Problem to solve :: Would you please return only the lines from the one with "Singapore Property Screenshots 1" through the last line of the records below, leaving the pictures out?

Excerpted records section start

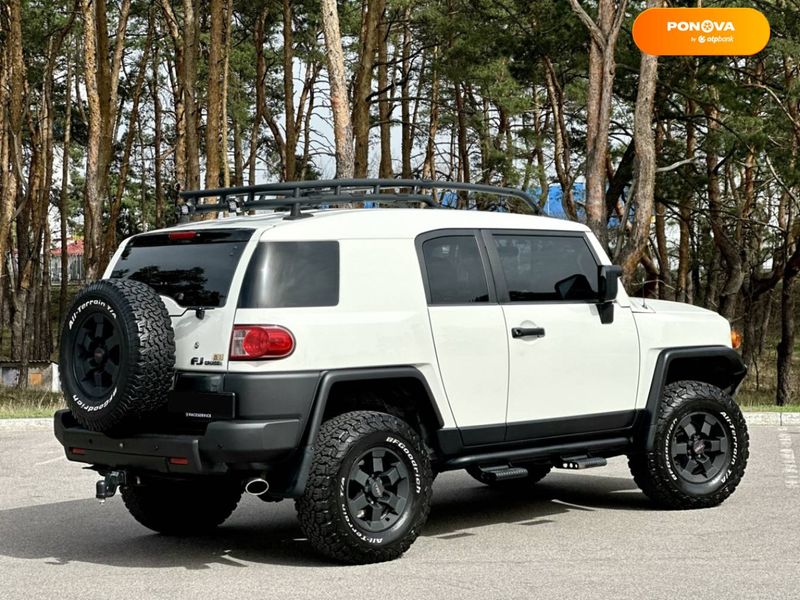 Toyota FJ Cruiser, 2008, Газ пропан-бутан / Бензин, 4 л., 170 тыс. км, Внедорожник / Кроссовер, Белый, Киев Cars-Pr-55859 фото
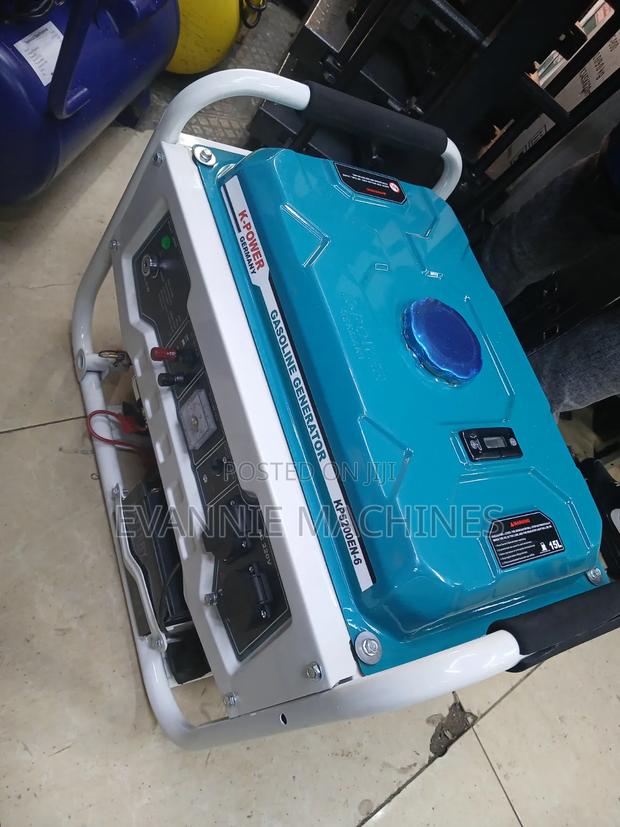 K-Power Kp5500en -6 Gasoline Generator 5.5kva - main view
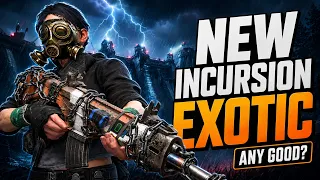 NEW Steel Sons ACR Worth It Incursion Exotic The Divison 2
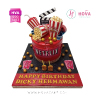 Koleksi kue : Birthday Cake Netflix Cake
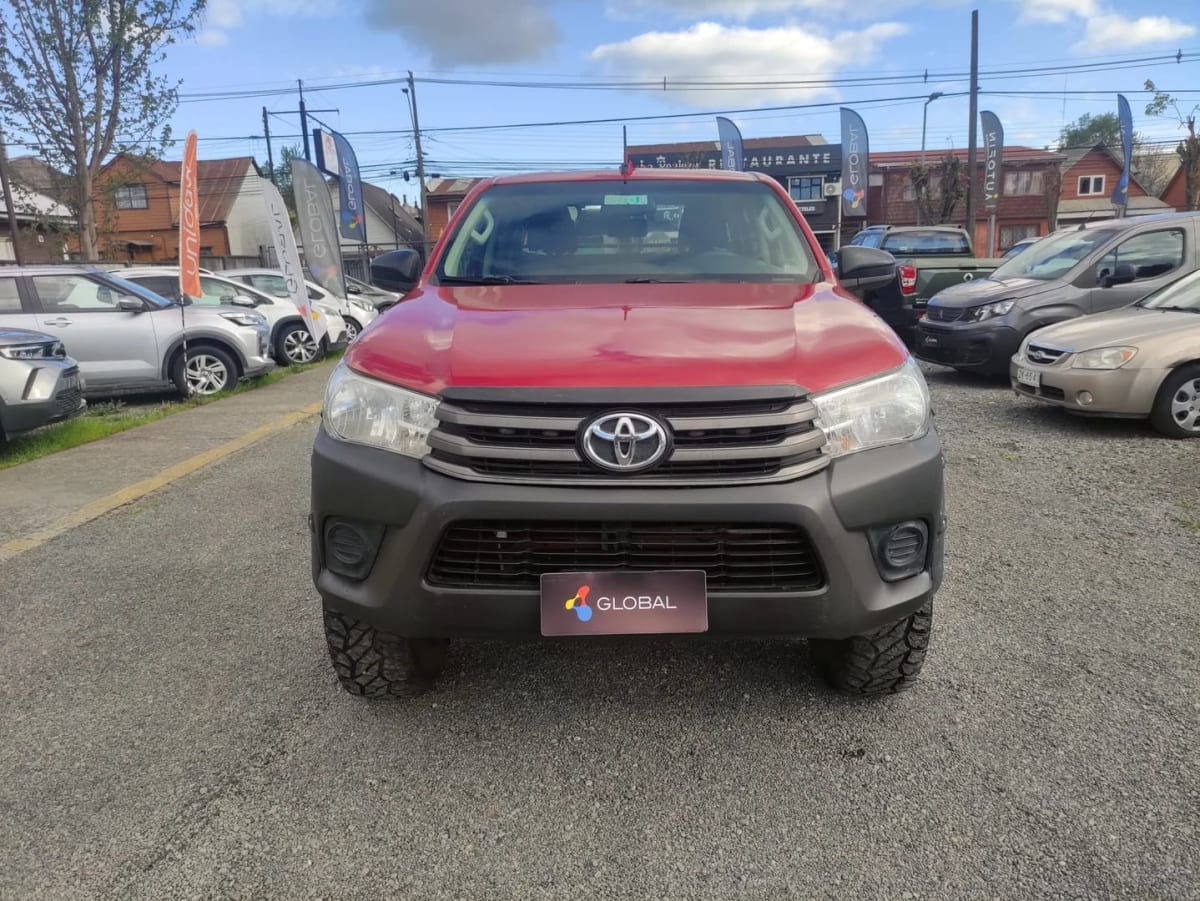 2018 Toyota Hilux - Imagen 1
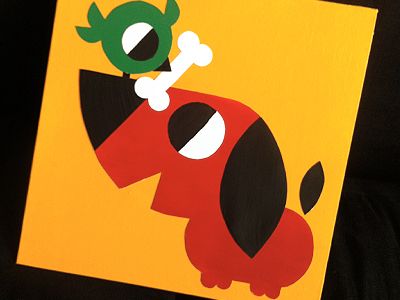 dog_painting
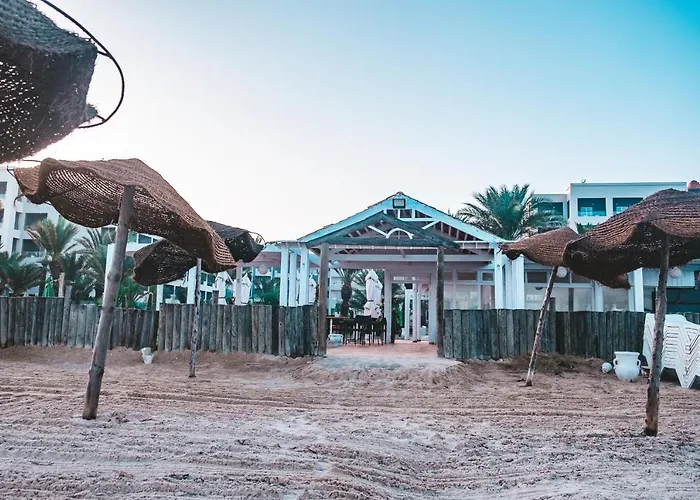 Hotel Rosa Beach Monastir, Tunisia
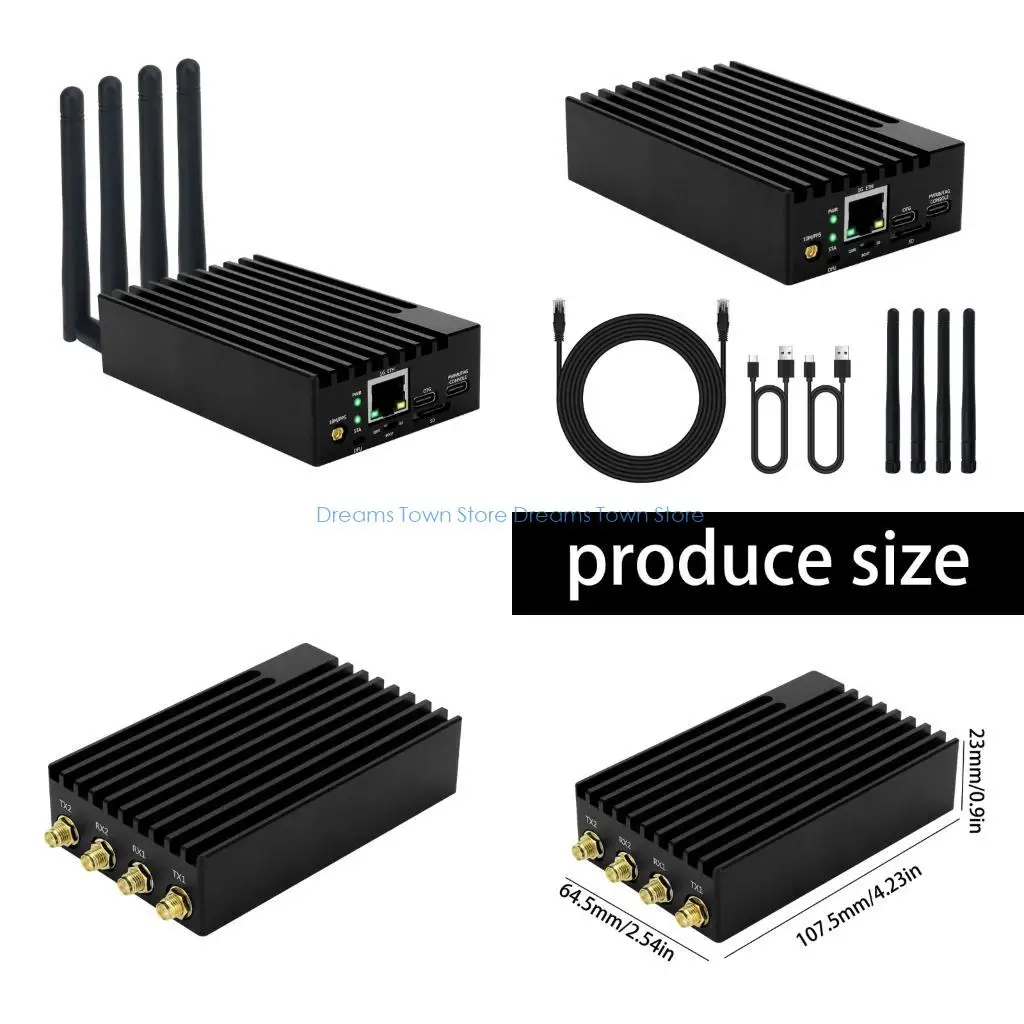 HX6A Portable Software Defined Radio With USB And Ethernet For Openwifi And GUNRadio
HX6A Portable Software Defined Radio With USB And Ethernet For Openwifi And GUNRadio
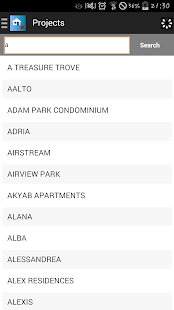 Singapore Property Screenshots 1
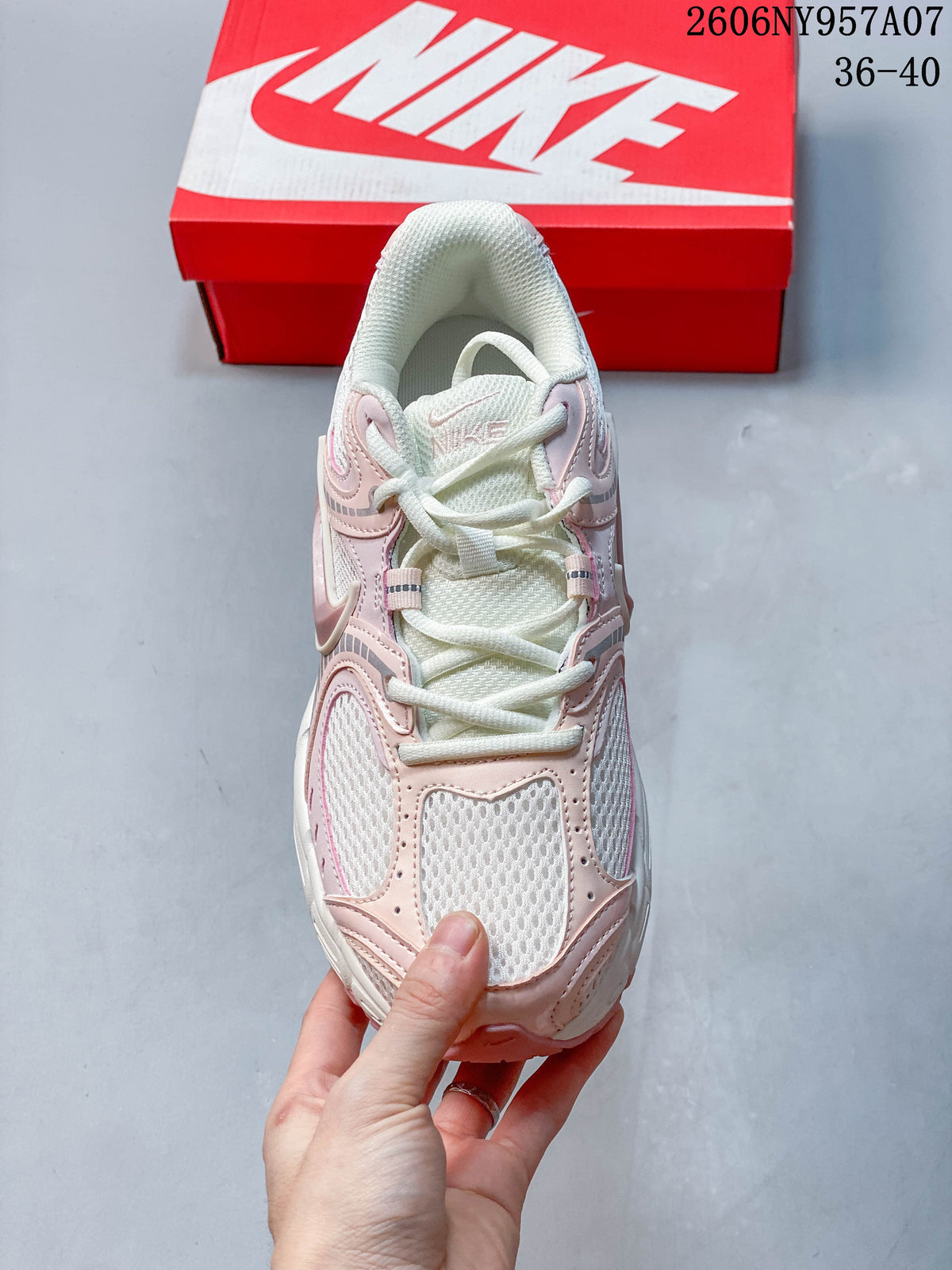 Nike V5 RNR Running Sneakers in Pink and White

Excerpted records section end

Response to the task ::
 Singapore Property Screenshots 1
 Nike V5 RNR Running Sneakers in Pink and White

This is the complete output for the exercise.